◆ Provided data:
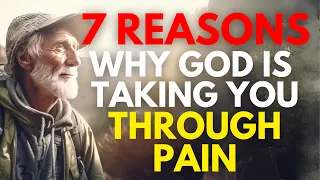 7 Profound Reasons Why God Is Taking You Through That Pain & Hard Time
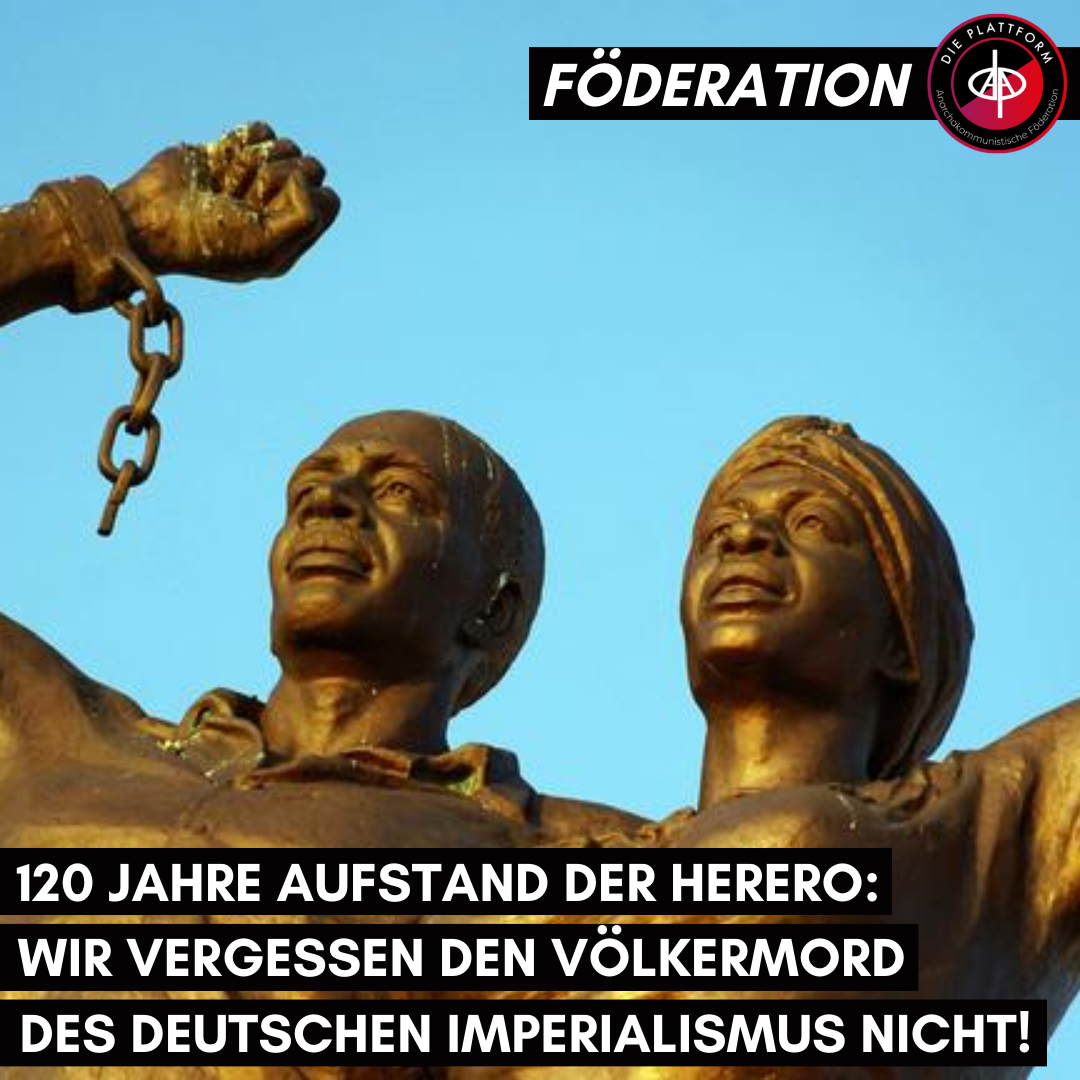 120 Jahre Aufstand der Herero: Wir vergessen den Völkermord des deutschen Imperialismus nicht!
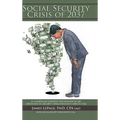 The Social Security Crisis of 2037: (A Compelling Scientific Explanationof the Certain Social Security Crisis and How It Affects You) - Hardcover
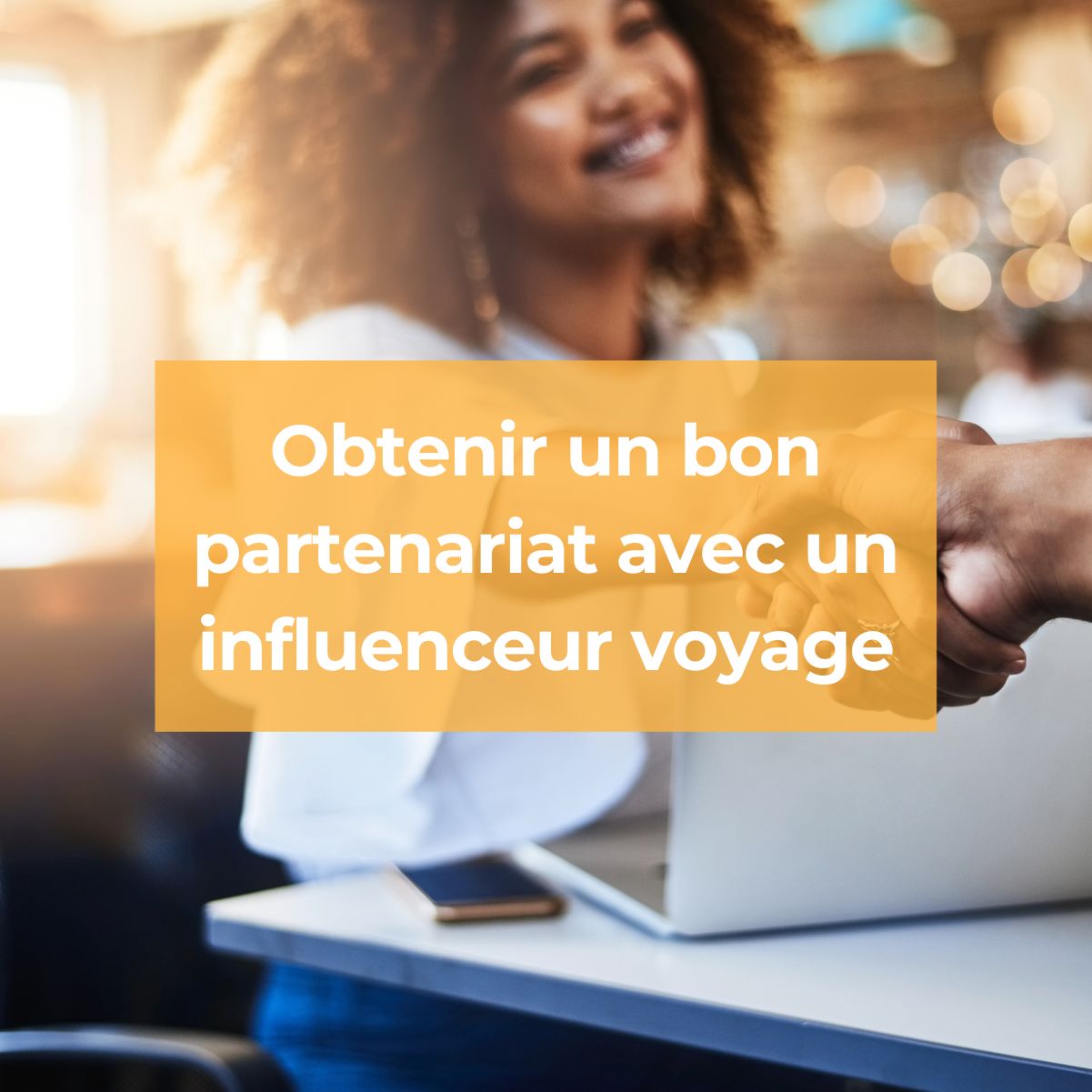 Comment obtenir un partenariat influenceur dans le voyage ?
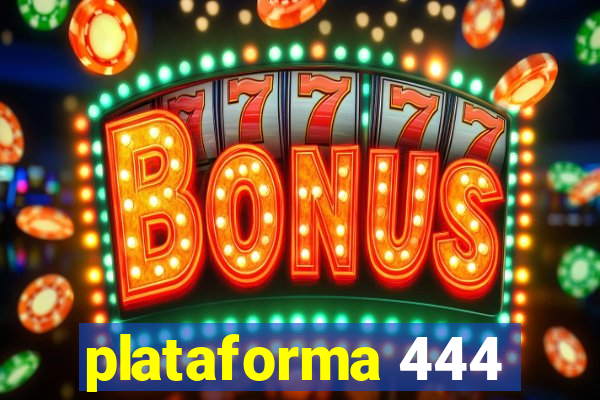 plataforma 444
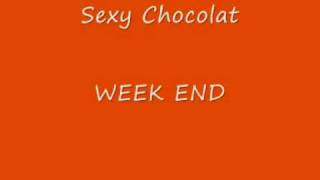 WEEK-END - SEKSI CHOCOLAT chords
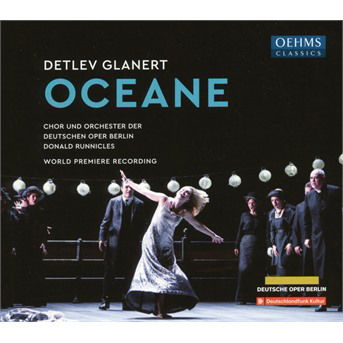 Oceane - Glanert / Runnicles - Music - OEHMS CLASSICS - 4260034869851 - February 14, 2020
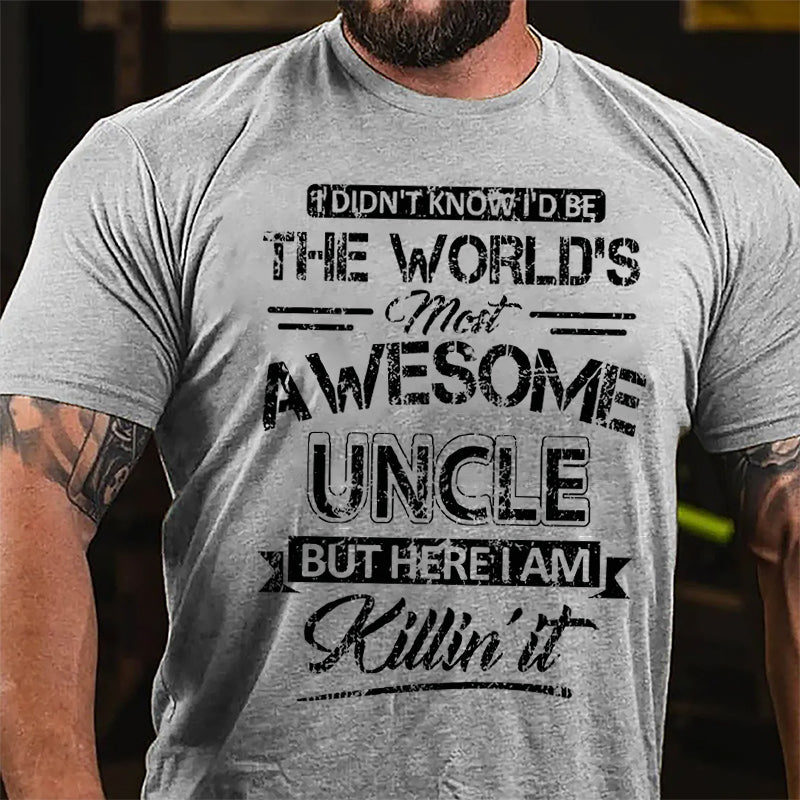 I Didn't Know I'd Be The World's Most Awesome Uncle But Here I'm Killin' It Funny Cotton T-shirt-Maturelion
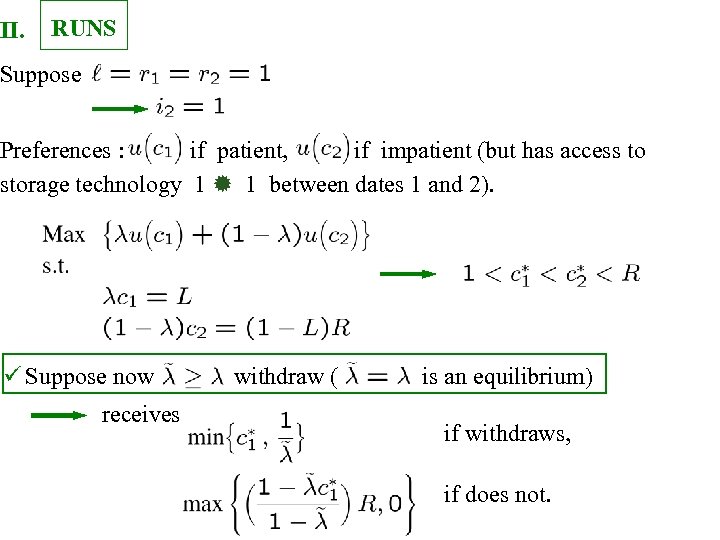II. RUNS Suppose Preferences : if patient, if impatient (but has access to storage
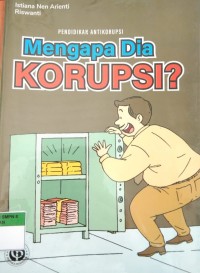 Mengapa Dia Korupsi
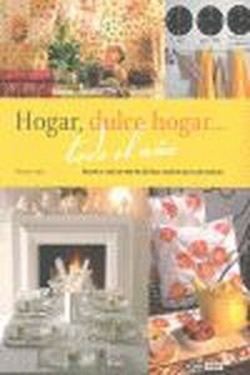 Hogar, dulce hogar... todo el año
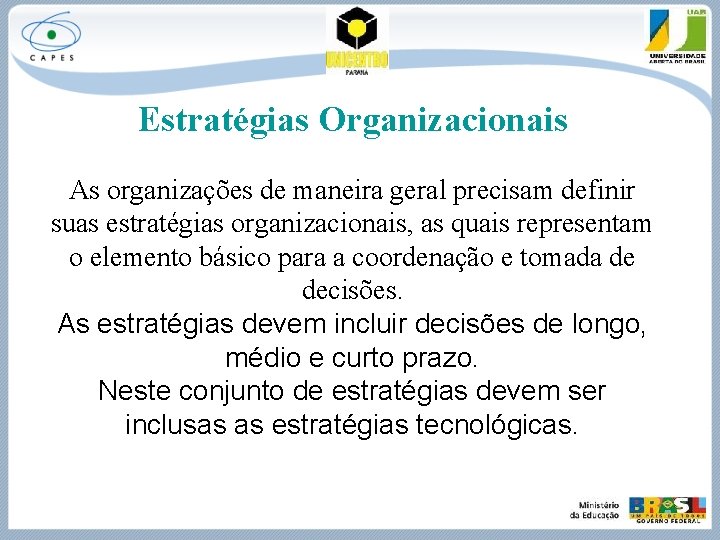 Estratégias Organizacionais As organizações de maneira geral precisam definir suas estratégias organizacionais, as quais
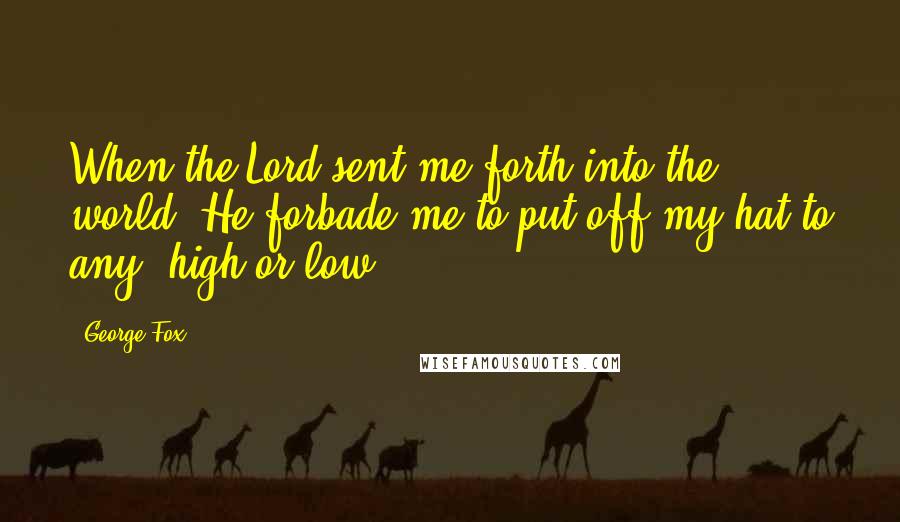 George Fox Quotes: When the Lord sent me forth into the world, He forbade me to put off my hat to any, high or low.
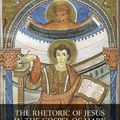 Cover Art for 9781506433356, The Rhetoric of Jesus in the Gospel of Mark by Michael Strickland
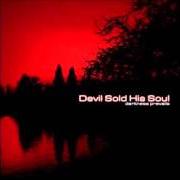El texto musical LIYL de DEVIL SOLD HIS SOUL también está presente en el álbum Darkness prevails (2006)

◆ What you have to do: Nothing but the lines from the one that holds "The Social Security" through the end of the data should appear, written out exactly, without pictures.

◆ Reply:
 The Social Security Crisis of 2037: (A Compelling Scientific Explanationof the Certain Social Security Crisis and How It Affects You) - Hardcover
 Comment obtenir un partenariat influenceur dans le voyage ?
 plataforma 444
 WEEK-END - SEKSI CHOCOLAT chords
 Oceane - Glanert / Runnicles - Music - OEHMS CLASSICS - 4260034869851 - February 14, 2020
 I Didn't Know I'd Be The World's Most Awesome Uncle But Here I'm Killin' It Funny Cotton T-shirt-Maturelion
II. RUNS Suppose Preferences : if patient, if impatient (but has access to storage
 Mengapa Dia Korupsi
 Hogar, dulce hogar... todo el año
 Estratégias Organizacionais As organizações de maneira geral precisam definir suas estratégias organizacionais, as quais
 George Fox Quotes: When the Lord sent me forth into the world, He forbade me to put off my hat to any, high or low.
 Cover Art for 9781506433356, The Rhetoric of Jesus in the Gospel of Mark by Michael Strickland
El texto musical LIYL de DEVIL SOLD HIS SOUL también está presente en el álbum Darkness prevails (2006)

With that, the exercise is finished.